Available for purchase in our museum entrance for 300 SEK (approx. 30 EUR)
A Mental Squinting, essay by Richard Julin
I want to thank Leah and Lee for the generous discussions on art that we’ve had and for a great time working together developing the exhibition “iloveyouihateyou”.
RICHARD JULIN, chief curator
About twenty years ago my idea about what art can be was shaken thoroughly. I was watching Jonas Mekas three hour, epic experimental movie Walden. It poetically depicts brief moments of beauty from quotidian situations. I quickly felt at ease with Walden’s quite slow tempo, hand held camera movements and voice-over sound track. So much that I fell asleep after a while. I woke up a bit later to new images of vaguely familiar faces, a snow storm in Times Square, hearing a voice reading something in French, images of a boat ride… and I dozed off again. When I woke up and followed the flow until the film ended I was exhilarated.
I realized that I had felt no urge to understand a specific message or plot line. The experience was like being in a stream of image and sound; an accepting environment that embraced contemplation as well as sleep. It felt like a ‘mental squinting’ where the focus was somewhere between the images, the sound and the thoughts they evoked. A liberating experience!

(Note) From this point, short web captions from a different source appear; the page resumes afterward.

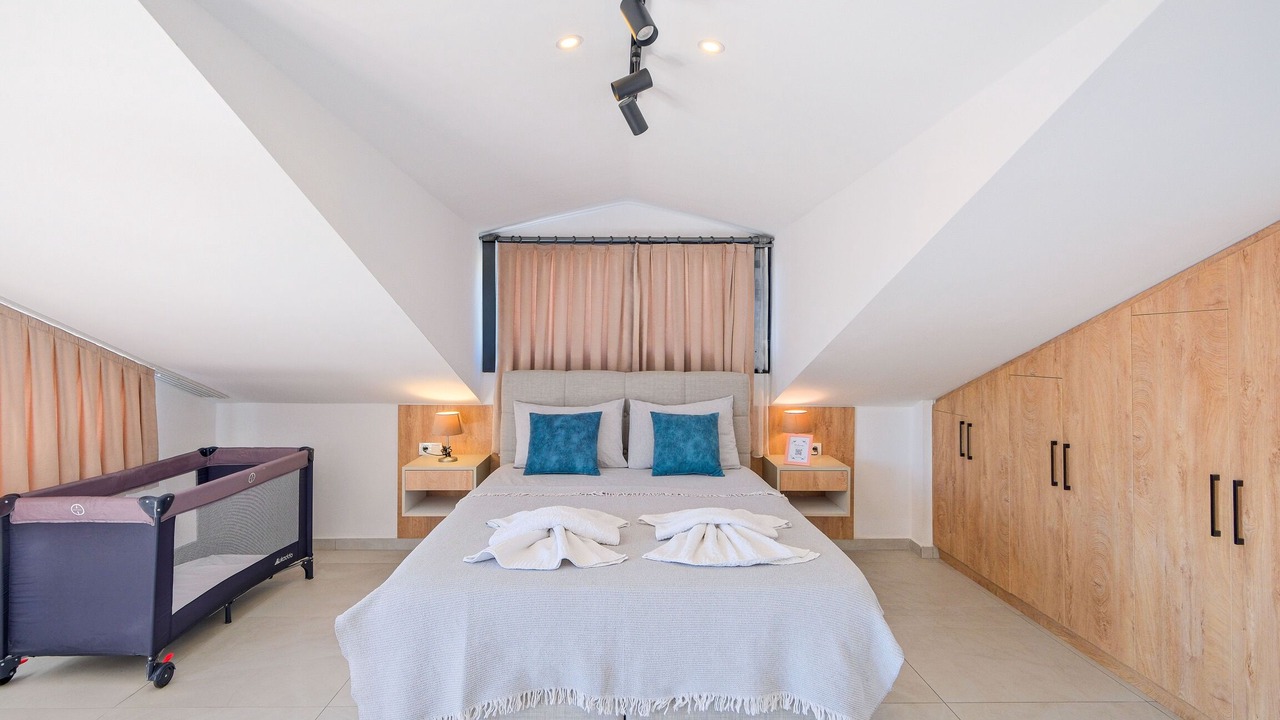 Photo of Bedroom in Fethiye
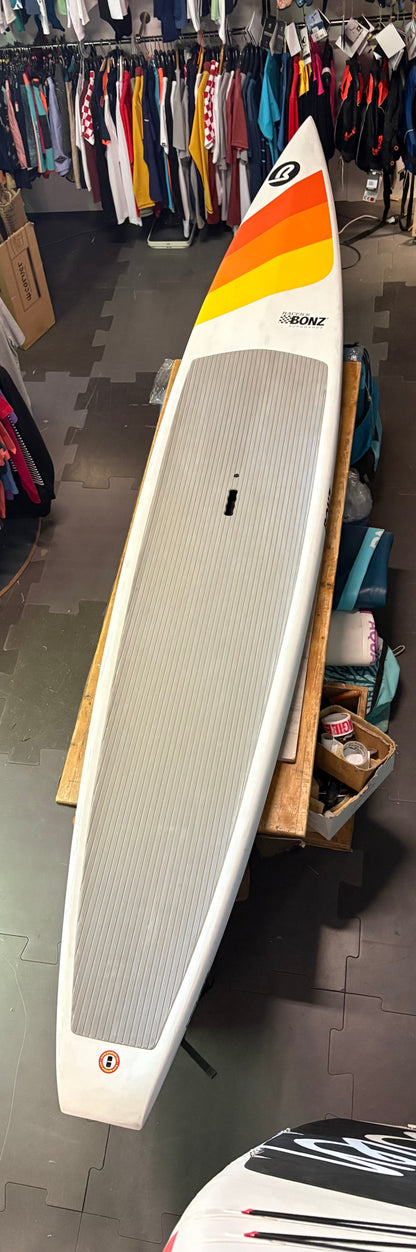 SUP Race Bonz Racer's 14'0 x 26 Occasion – Planche de Course Rigide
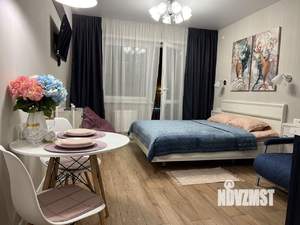 1-к квартира, посуточно, 30м2, 1/1 этаж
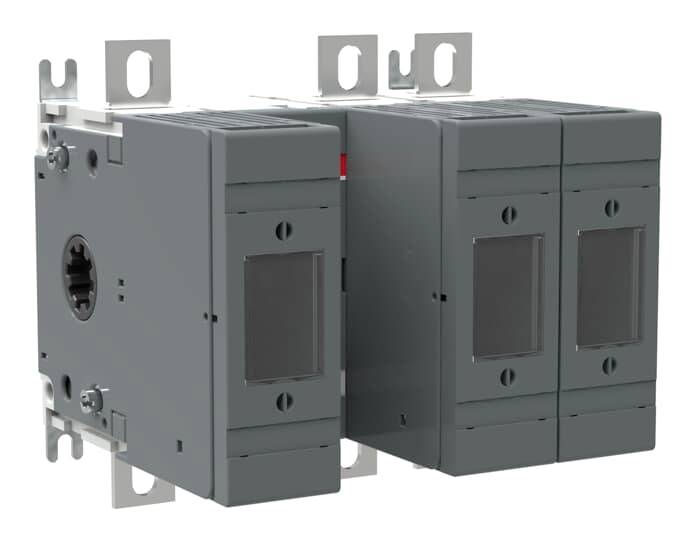 ABB OS125GD12 Lasttrennschalter 125A 1St.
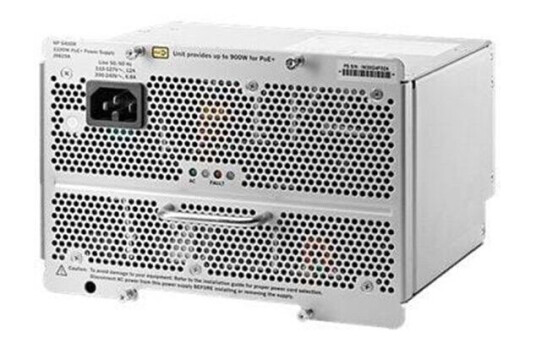 HP Strømforsyning - J9829A#ABB Strømforsyning (PSU) - 1100 Watt - 80 Plus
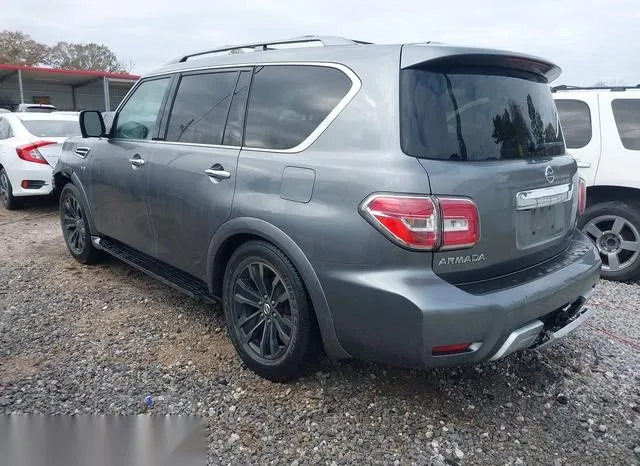 JN8AY2ND8H9007570 2017 2017 Nissan Armada- Platinum 3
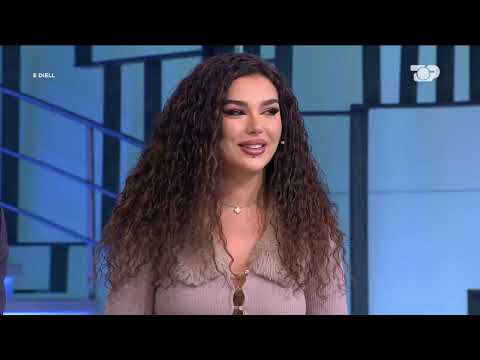 Festa e Shën Valentinit, Belinda Dragoti tregon detajet si e kalon ditën-  E Diell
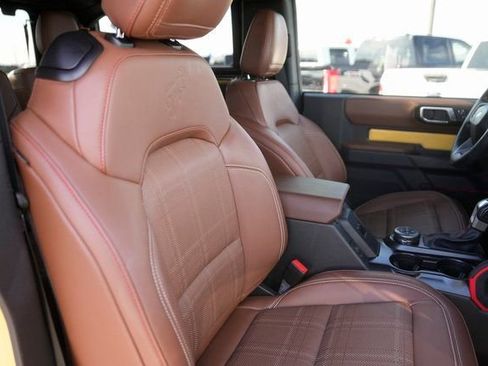 Certified 2024 Ford Bronco Heritage Edition image 15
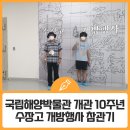 나전대모쌍룡문함 | 국립해양박물관 개관 10주년 수장고 개방행사 참관기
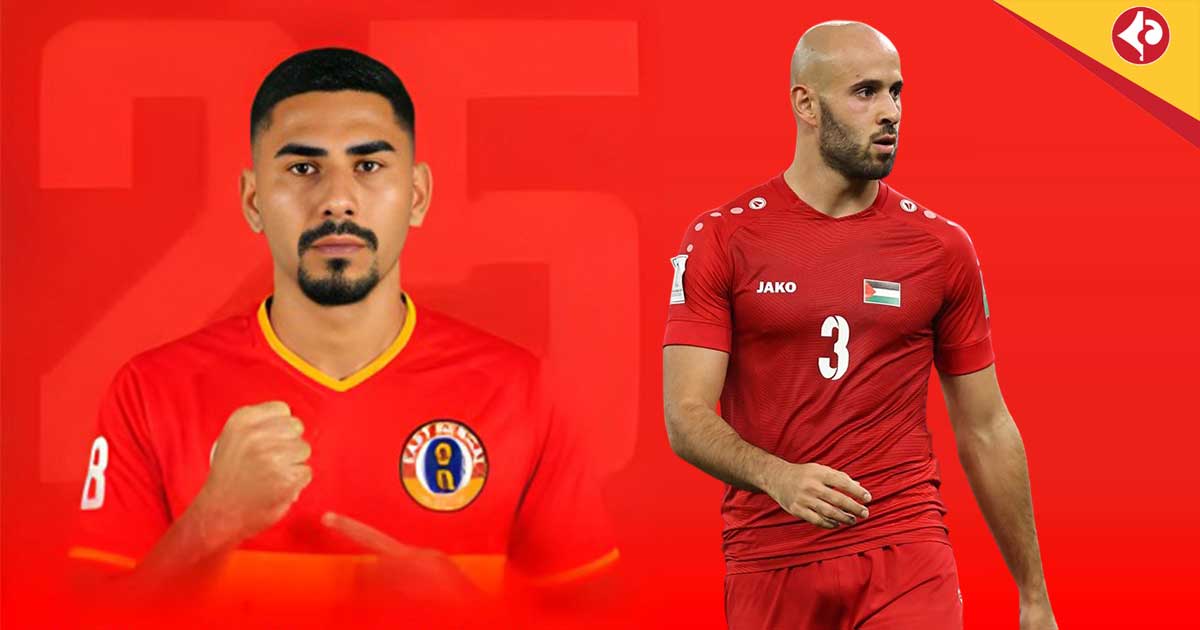East Bengal, Miguel Figueira, Mohammed Rashid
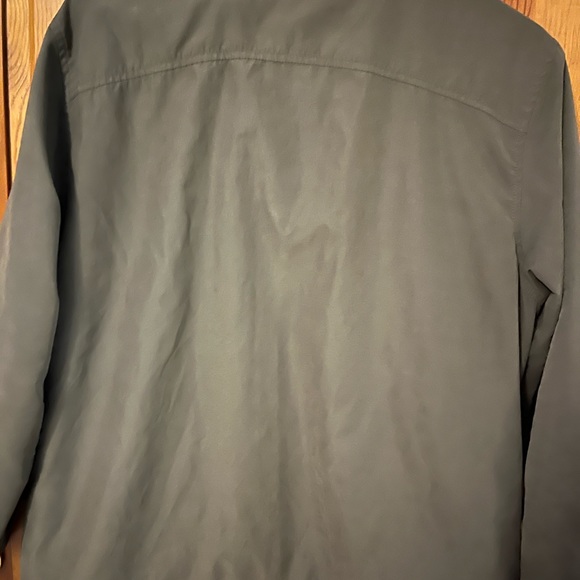 Vintage Northern Sun Canada Green Fall/Winter lined jacket coat size large - Picture 4 of 5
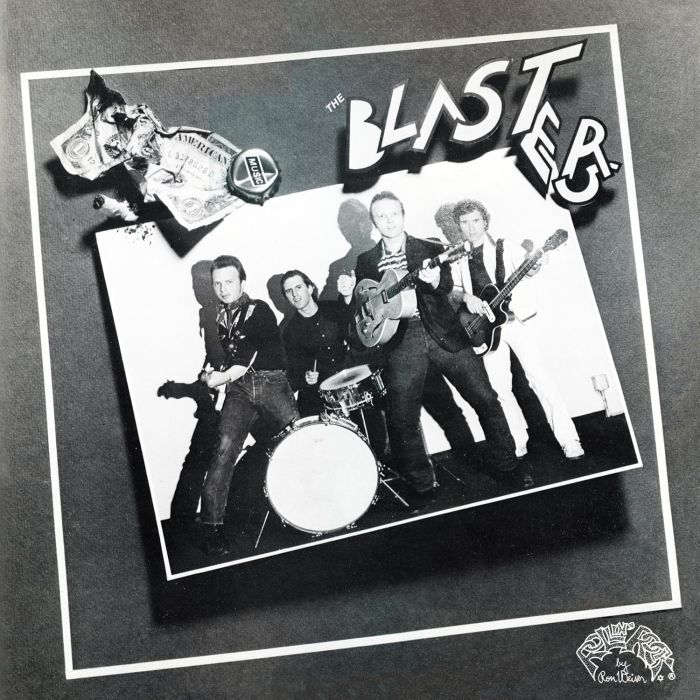BLASTERS - AMERICAN MUSIC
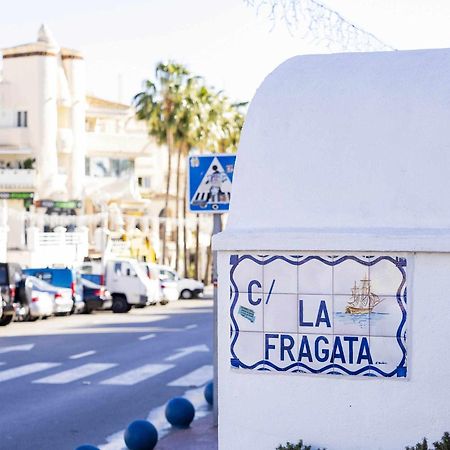 Mshome La Fragata Sea Terrace Benalmádena Exterior photo
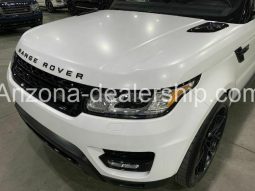 2017 Land Rover Range Rover Sport full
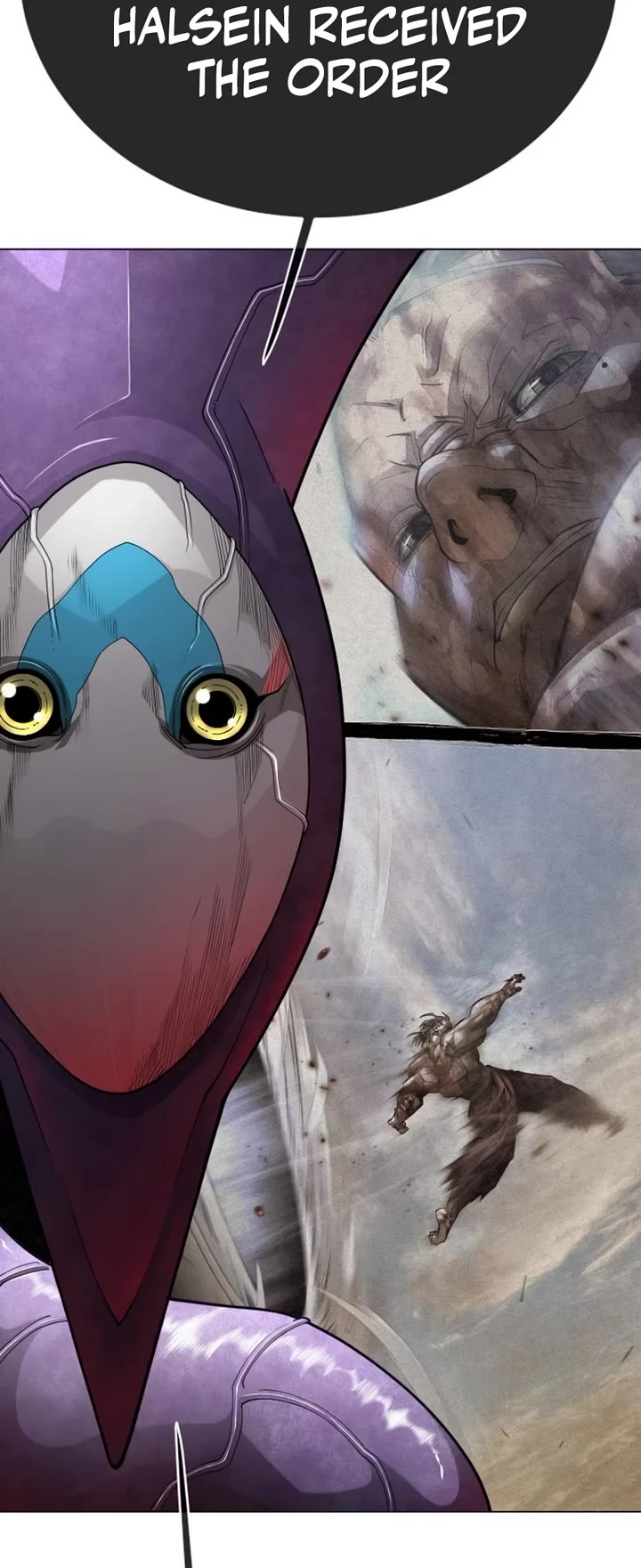 The Superhuman Era Chap 192 - Next Chap 193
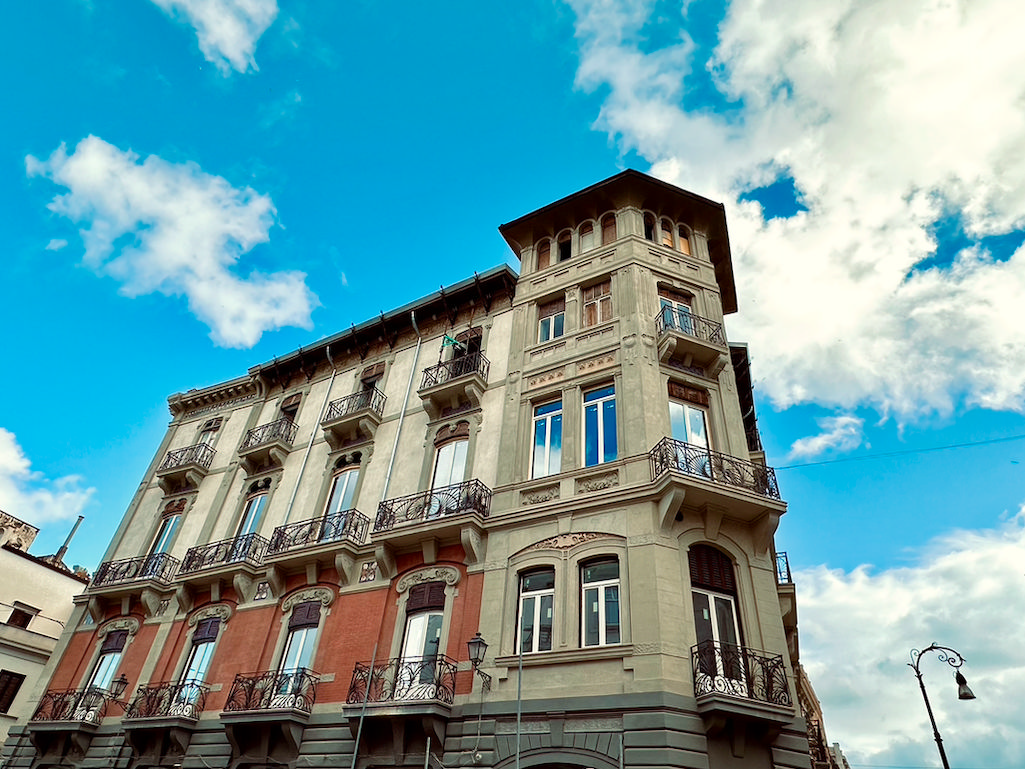 Hotel Palazzo Liberty Unique Hotel, Italien, Palermo. Großes 1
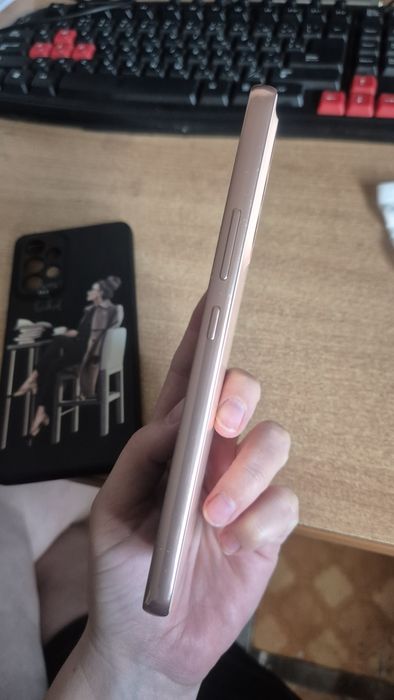 Samsung A53 с коробкой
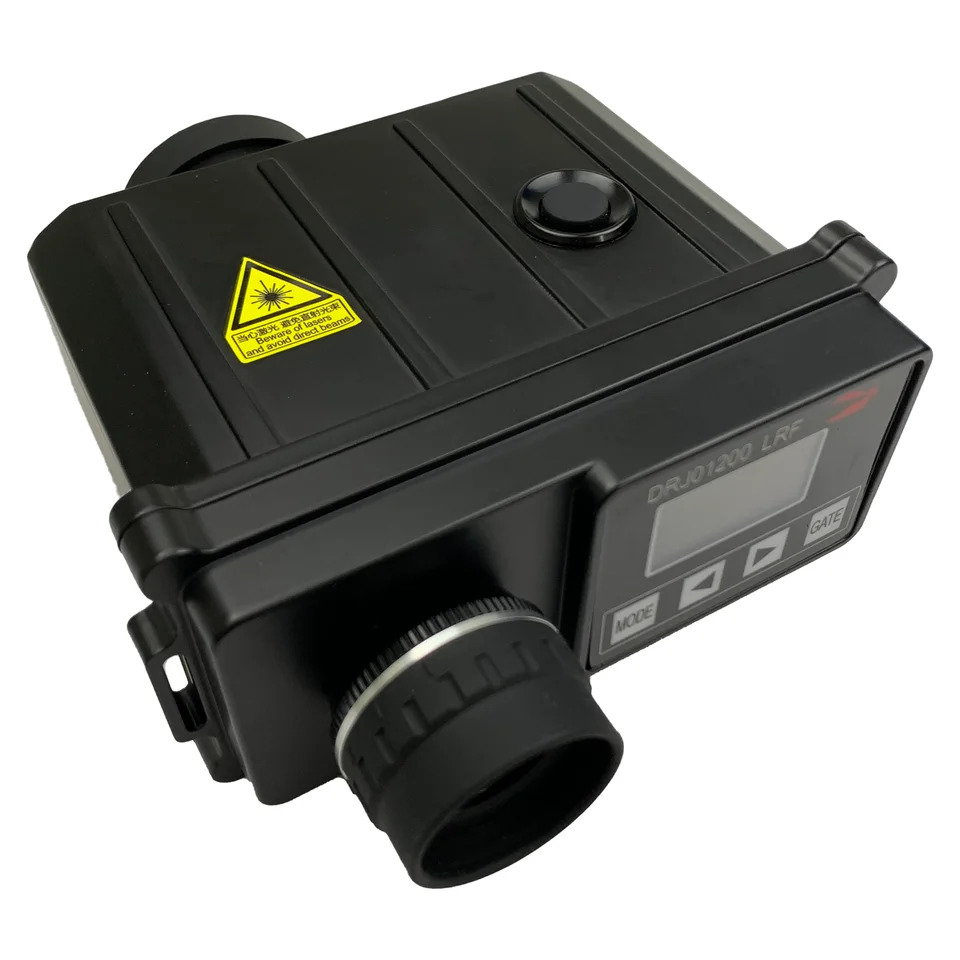 10km ccd 카메라 측정 oem 레이저 거리 측정기 스캐닝 모델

I got that same feeling when I first saw Leah Singer and Lee Ranaldo’s installation Drift. The work can be described as an immersive sonic/visual environment consisting of music, sounds and texts by Ranaldo in response to two 16mm analytical film projectors performed in real time by Singer. Starting in 1991 Drift was performed live in museums, galleries, concert halls and performing arts centers worldwide until 2005. At that time the work became a DVD film. This fixed version of something that had been in flux for so many years turned out to be a catalyst and starting point for a new work: iloveyouihateyou. This is the work that has its premiere at Magasin 3 during the Spring of 2009.
Leah Singer and Lee Ranaldo’s performance work and installations combine a flow of images and sounds taken from everyday situations, moments that reveal the beauty of the ordinary and turn the commonplace into something extraordinary. The contemporary poetic nature of their work echoes a history of experimental cinema that is included in the exhibition with three older works from the history of American avant-garde cinema: Swamp by Nancy Holt and Robert Smithson (1971), Children’s Tapes by Terry Fox (1974) and City Slivers by Gordon Matta-Clark (1976). I doubt the exhibition iloveyouihateyou will make you fall asleep. But if you do – enjoy!